Tutta in salita anche la corsa a sindaco nella Capitale, dove il M5S è in testa in tutti i sondaggi e dove il Pd è ridotto ai minimi storici. Le primarie si annunciano in salita per il candidato renziano, Roberto Giachetti, che pure avrebbe le caratteristiche per erodere voti ai grillini: a contendergli la candidatura sarà il 6 marzo un uomo come Roberto Morassut, storico dirigente romano del partito e appoggiato da due ex leader quanto mai lontani tra di loro come Walter Veltroni e Pier Luigi Bersani. Si capisce perché Renzi abbia preso per tempo le distanze dalle amministrative di giugno («si scelgono i sindaci e non il premier né il segretario del Pd») puntando tutto sul referendum confermativo sulla riforma del Senato e del Titolo V previsto per l’autunno.

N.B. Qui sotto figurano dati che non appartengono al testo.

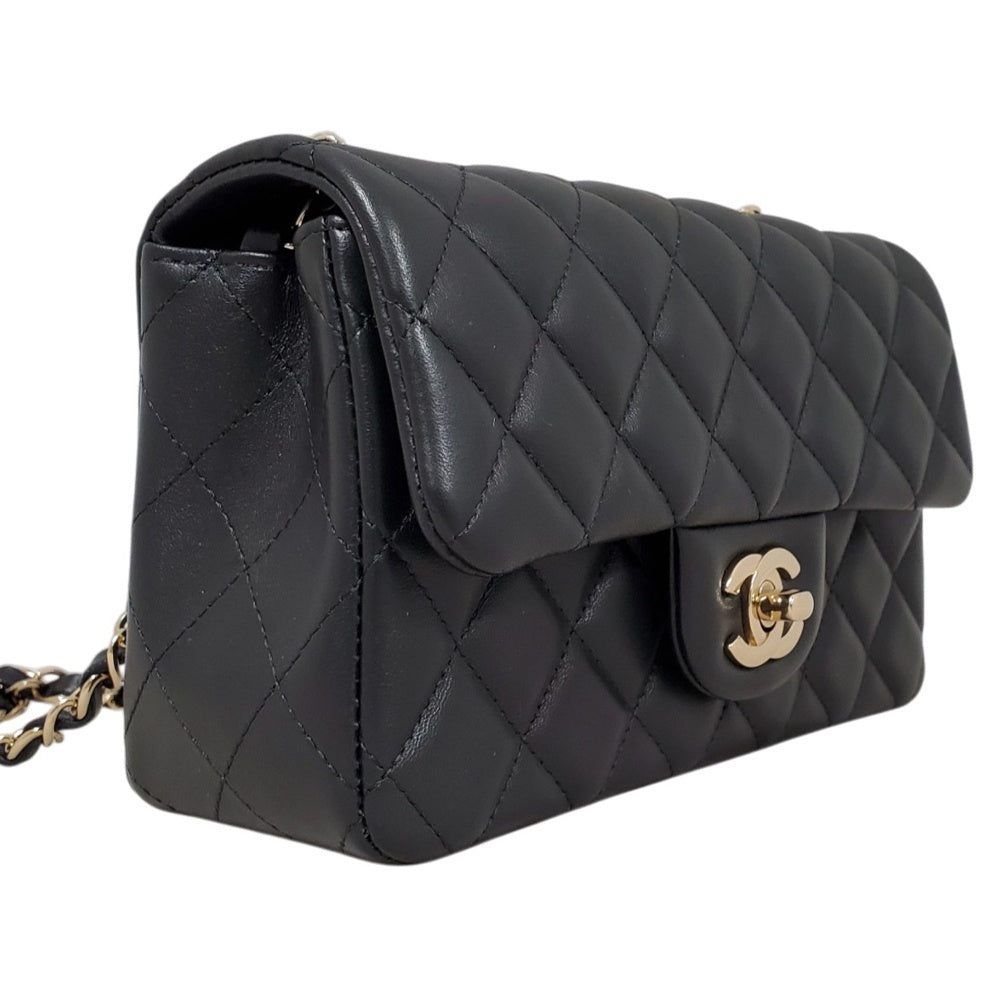 シャネル  CHANEL マトラッセ20 チェーンショルダー A69900 ブラック ラムスキン/MA2609022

Ma intanto Milano è stata messa in sicurezza. E lo strumento delle primarie continua a dimostrarsi vincente, al di là delle polemiche ricorrenti sui cinesi ai gazebo (ed è curioso che questa volta l’attacco non sia partito dall’interno del Pd e del centrosinistra come nel caso Cofferati in Liguria ma dal leader del Movimento 5 stelle Beppe Grillo, che le primarie non le ha mai neanche messe in conto).

Dalle primarie, in fondo, è nata e cresciuta la leadership di Renzi. E sulle primarie sembra ora voler puntare il premier per portare avanti la battaglia delle battaglie, quella contro l’austerità di Bruxelles e l’egemonia tedesca in Europa (una battaglia, va notato, che sta portando consensi al Pd secondo gli ultimi sondaggi e che ha quasi messo a tacere gli antieuropeisti nostrani, e anche questo naturalmente fa parte della campagna elettorale per le amministrative vista da Palazzo Chigi): «Per scegliere il prossimo presidente della Commissione europea come democratici italiani chiederemo le primarie, perché non se ne può più della tecnocrazia che non sa dove sta la relazione con la gente», è l'ultima suggestione renziana lanciata proprio ieri.